CONFLICTS OF INTEREST:
Any situation that might be construed as
disqualifying a director as "independent" should be brought to the
attention of the Nominating and Governance Committee which shall make a
recommendation to the Board regarding the director’s continued service
on Board Committees and his nomination for election to the Board at the
next stockholder meeting.
DIRECTOR ACCESS TO OFFICERS AND
EMPLOYEES:
Directors will have full and free access
to officers and employees of the corporation. Any meetings or contacts
that a director wishes to initiate may be arranged through the CEO or
the Secretary or directly by the director. The directors will use their
judgment to ensure that any such contact is not disruptive to the
business operations of the corporation and will, to the extent not
inappropriate, copy the CEO on any written communications between a
director and an officer or employee of the corporation.
The Board encourages periodic attendance
at Board meetings by senior officers of the corporation as well as by
high potential/high performance employees with which management wishes
to familiarize the directors.
DIRECTOR ORIENTATION AND CONTINUING
EDUCATION:
All new directors must participate in the
corporation’s Orientation Program. This orientation will include
presentations by senior management to familiarize new directors with the
corporation’s strategic plans, its significant financial, accounting and
risk management issues, its compliance programs, its Code of Ethics, its
principal officers, and its internal and independent auditors. All other
directors are also invited to attend the Orientation Program.

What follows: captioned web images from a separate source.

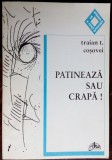 Cumpara ieftin TRAIAN T. COSOVEI - PATINEAZA SAU CRAPA! (VERSURI, 1997)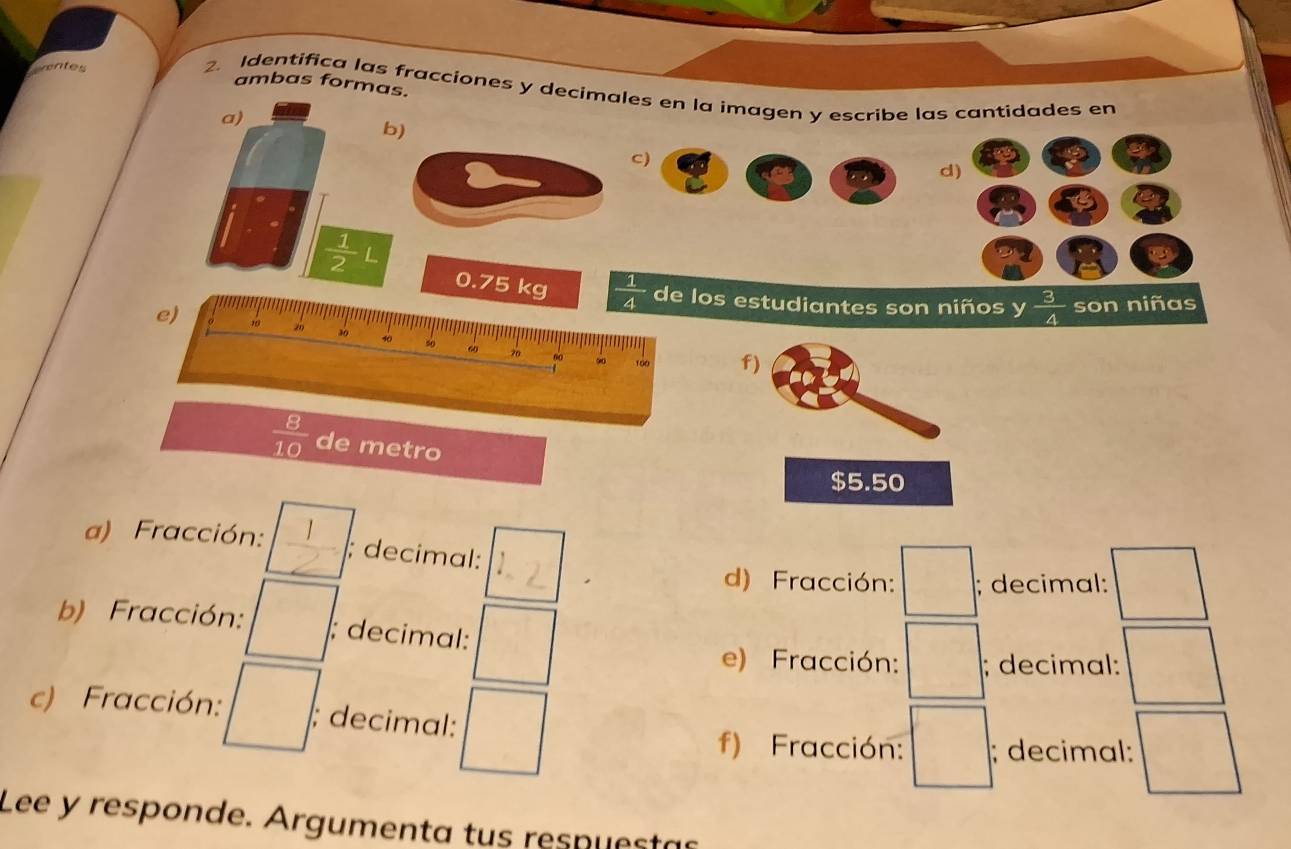 wentes 
ambas formas. 
2. Identifica las fracciones y decimales en la imagen y escribe las cantidades en 
a) 
b) 
c) 
d)
 1/2 L
0.75 kg  1/4  de los estudiantes son niños y  3/4  son niñas 
e) 10 30 40 5o 60 70 ∞0 100 f)
 8/10  de metro
$5.50
a) Fracción: ; decimal: 
1 
d) Fracción: □ ; decimal: :□ 
b) Fracción: □ ; decimal: / 
e) Fracción: □°; decimal: :□ 
c) Fracción: □ : ; decimal: (□)^(□) =□; decimal: :□ 
f) Fracción: 
Lee y responde. Argumenta tus respuestas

All directors are encouraged to
participate in director continuing education programs they deem
appropriate. The corporation will reimburse a director in accordance
with standard practices for attendance at up to two (2) programs in any
eighteen (18) month period. Management will periodically apprise the
directors of continuing education programs that become known to it.

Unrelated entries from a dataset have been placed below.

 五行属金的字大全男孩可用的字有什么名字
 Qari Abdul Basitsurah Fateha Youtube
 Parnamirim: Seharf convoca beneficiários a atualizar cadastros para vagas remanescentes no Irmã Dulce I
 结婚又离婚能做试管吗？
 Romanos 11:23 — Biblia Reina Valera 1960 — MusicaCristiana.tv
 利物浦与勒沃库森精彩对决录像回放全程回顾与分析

Additionally, management will monitor
significant corporate governance initiatives and will periodically
present to the directors those topics which merit updated or refresher
education/information as appropriate. Not less frequently than annually,
the Nominating and Governance Committee and the Board will receive a
presentation regarding developments in corporate governance since the
last such presentation.
ANNUAL REVIEW OF GUIDELINES:
The Nominating and Governance Committee
shall review these guidelines on at least an annual basis and report to
the Board with any recommendations it may have in connection therewith.
The foregoing guidelines will be posted
on the corporation’s web site and paper copies will be made available to
interested parties upon request. The corporation’s Annual Report to
shareholders will include a statement to this effect.